WASHINGTON (AP) — For eight years, a leaderless Republican Party has rallied around its passionate opposition to President Barack Obama and an unceasing devotion to small government, free markets and fiscal discipline.
On the eve of his inauguration, Donald Trump is remaking the party in his image, casting aside decades of Republican orthodoxy for a murky populist agenda that sometimes clashes with core conservative beliefs. Yet his stunning election gives the GOP a formal leader for the first time in nearly a decade. The New York real estate mogul becomes the face of the party, the driver of its policies and its chief enforcer.
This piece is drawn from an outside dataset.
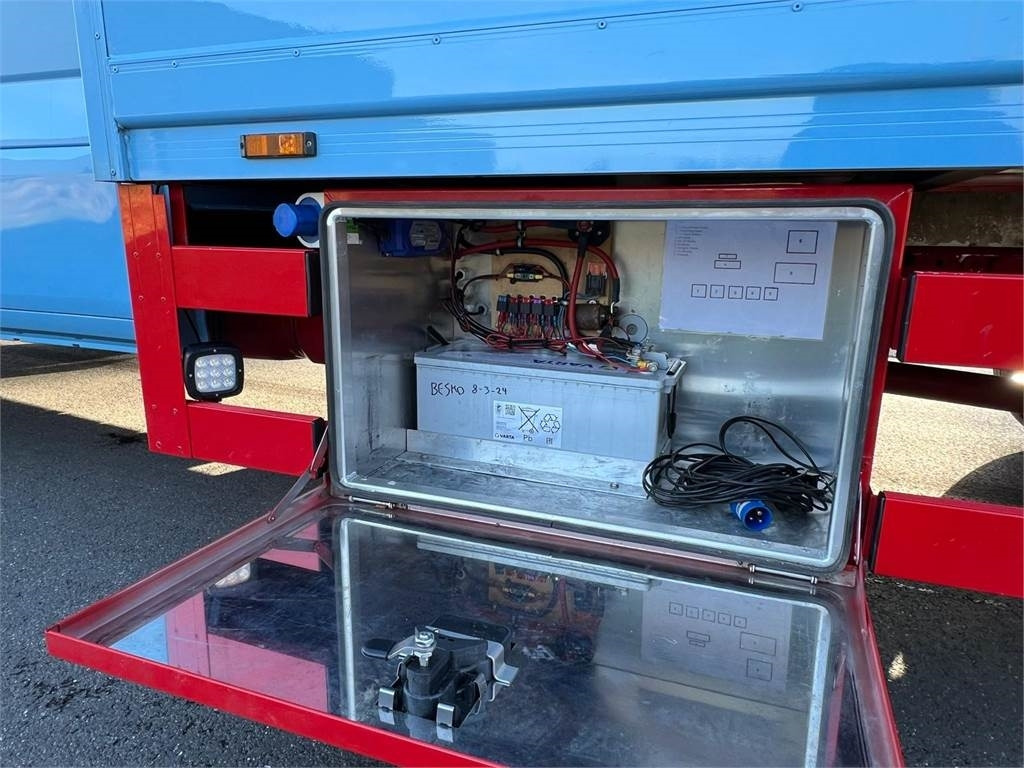 Box truck Iveco Daily 70C18 - dobbelt cab: picture 13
Despite their excitement, Republican loyalists across the country concede that major questions remain about their party's identity in the age of Trump.
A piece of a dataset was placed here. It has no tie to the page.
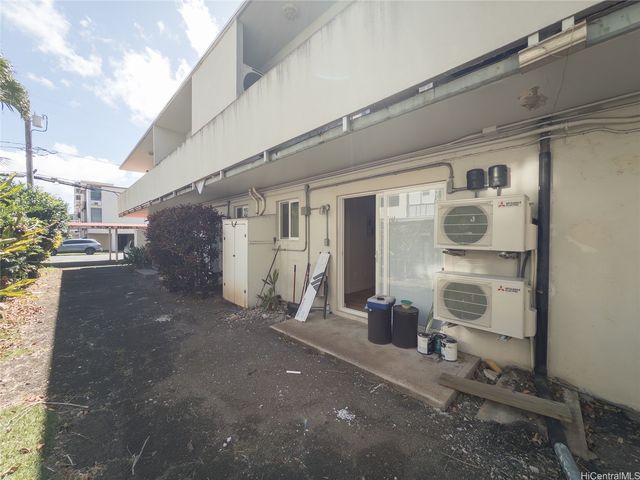 1510 Liholiho Street 3, Honolulu, HI 96822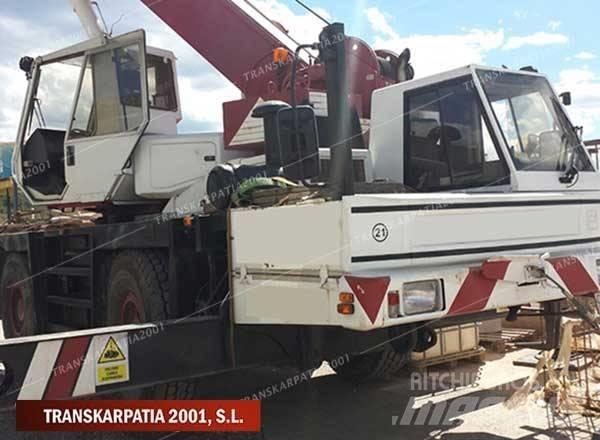 PPM ATT 400 All terrain cranes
The simple answer: The modern-day Republican Party stands for whatever Trump wants it to.
"He's a sometime-Republican," American Conservative Union Chairman Matt Schlapp said. "Donald Trump was elected without having to really put all the details out on all these questions. We are going to see in the first six months how this plays out. Does government get bigger or does it get smaller?"
Trump is eyeing a governing agenda that includes big-ticket items that Schlapp and other conservative leaders would fight against under any other circumstances. Yet some see Trump's agenda as more in line with the concerns of average Americans, which could help the party's underwhelming public standing and keep them in power.
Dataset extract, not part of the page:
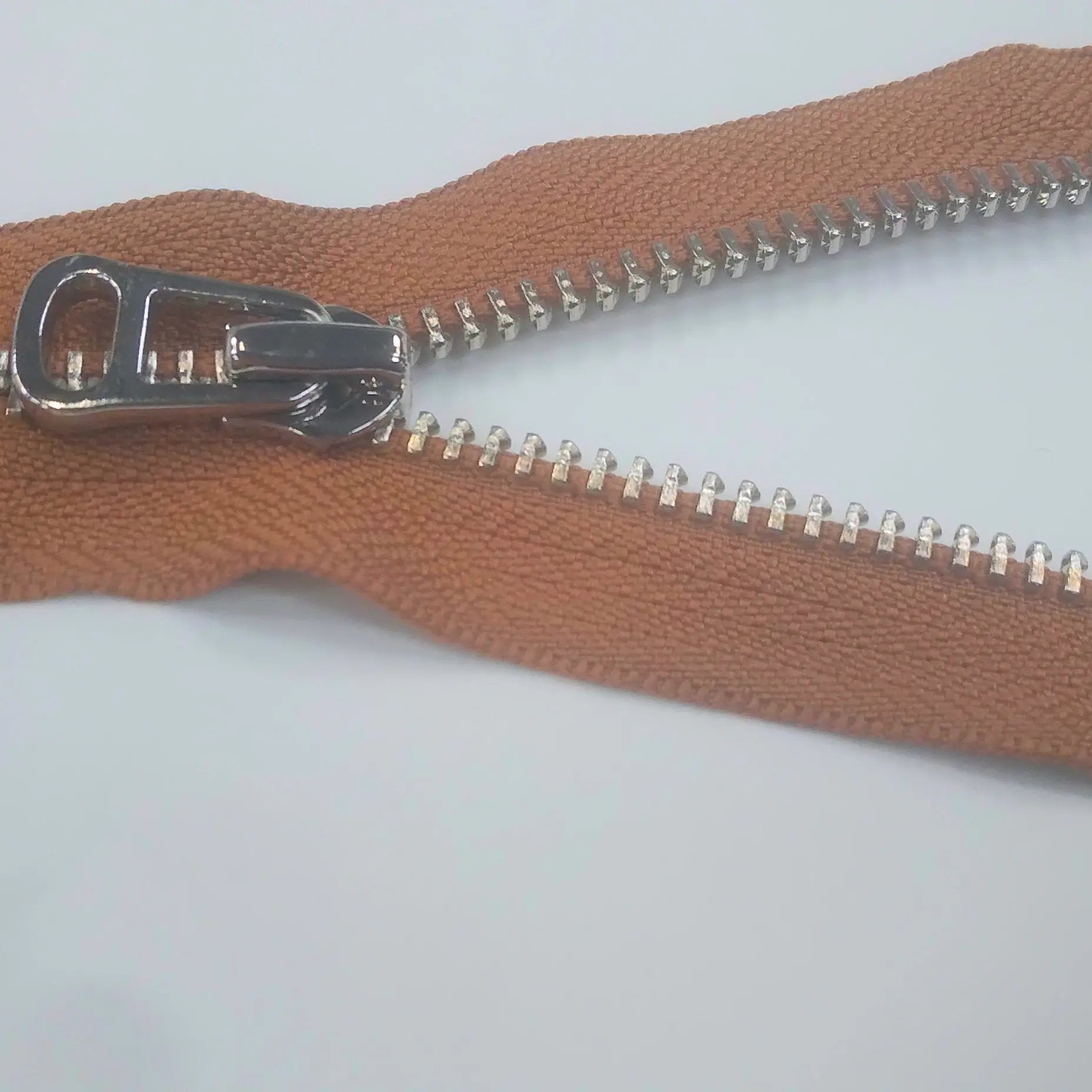 FERMETURE NON SÉPARABLE 25CM NOISETTE - My Little Coupon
The president-elect initially promised a massive infrastructure spending bill to update the nation's roads and bridges, an investment that could dwarf the infrastructure spending Republicans opposed when it appeared in Obama's 2009 stimulus package. Trump has also vowed to put the federal government in the child care business by allowing parents to offset child care costs with tax breaks. And he has railed against regional trade deals and threatened to impose tariffs on some imports, a sharp break from the free-market approach that has defined Republican policies for decades.
"From a policy perspective, he might be one of the more flexible Republican presidents. He's just not encumbered with 30 years of Republican ideology," said veteran Republican operative Barry Bennett, a former Trump adviser.
"If there's a win involved, he's interested," Bennett said.
Republicans in Congress and elsewhere have expressed some hesitation, but most appear to be willing to embrace the incoming president's priorities — at least at first.
There are indications that Trump may initially avoid issues that would divide his party. That's according to Trump's incoming chief of staff, Reince Priebus, who said in a recent radio interview that the new administration will focus in its first nine months on conservative priorities like repealing Obama's health care law and rewriting tax laws.
In a post-election interview with The New York Times, Trump acknowledged that he didn't realize during the campaign that New Deal-style proposals to put people to work building infrastructure might conflict with his party's small-government philosophy.
"That's not a very Republican thing — I didn't even know that, frankly," Trump said.
Trump's confusion can be forgiven, perhaps, given his inexperience in Republican politics. He was a registered Democrat in New York between August 2001 and September 2009. And once he became a Republican, his political views were shaped from his perch in New York City, where the Republican minority is much more liberal — particularly on social issues — than their counterparts in other parts of the country.
Trump said he was "fine" with same-sex marriage in a post-election interview in November, for example. And while he opposes abortion rights, he supported Planned Parenthood's non-abortion-related women's health services throughout his campaign.
It's unclear how aggressively Trump will fight for his priorities, but there are signs that he's not expected to have much tolerance for detractors in either party. He has been remarkably thin-skinned, using Twitter to jab critics like former President Bill Clinton, "Saturday Night Live" and a little-known union official from Indiana.
"You cross him at your peril," said Rick Tyler, a Republican strategist who worked for Texas Sen. Ted Cruz's GOP presidential bid.
Tyler said Trump's leadership style as he prepares to enter the Oval Office sends a clear message: "Unless you move in my way, I'll make your life, including Republicans, pretty miserable."
At the same time, the public's perception of the Republican Party seems to be improving, albeit modestly.
A NBC/Wall Street Journal Poll conducted in December found that 37 percent of Americans have a positive rating of the GOP compared to 36 percent who have an unfavorable view. That's slightly better than the Democratic Party, which earns positive marks from 34 percent and negative from 42 percent.
Before Trump's rise, the Republican Party's message didn't necessarily resonate with the needs of "everyday Americans," said veteran Republican strategist Alex Conant.
"The challenge for the party now is to adopt policies that fulfil those needs. And we have a lot of work to do on that front," Conant said.
The uncertainty leaves longtime Republican loyalists with more questions than answers about the future of their party.
"The party will be what Trump wants it to be," said Steve Duprey, a Republican national committeeman from New Hampshire.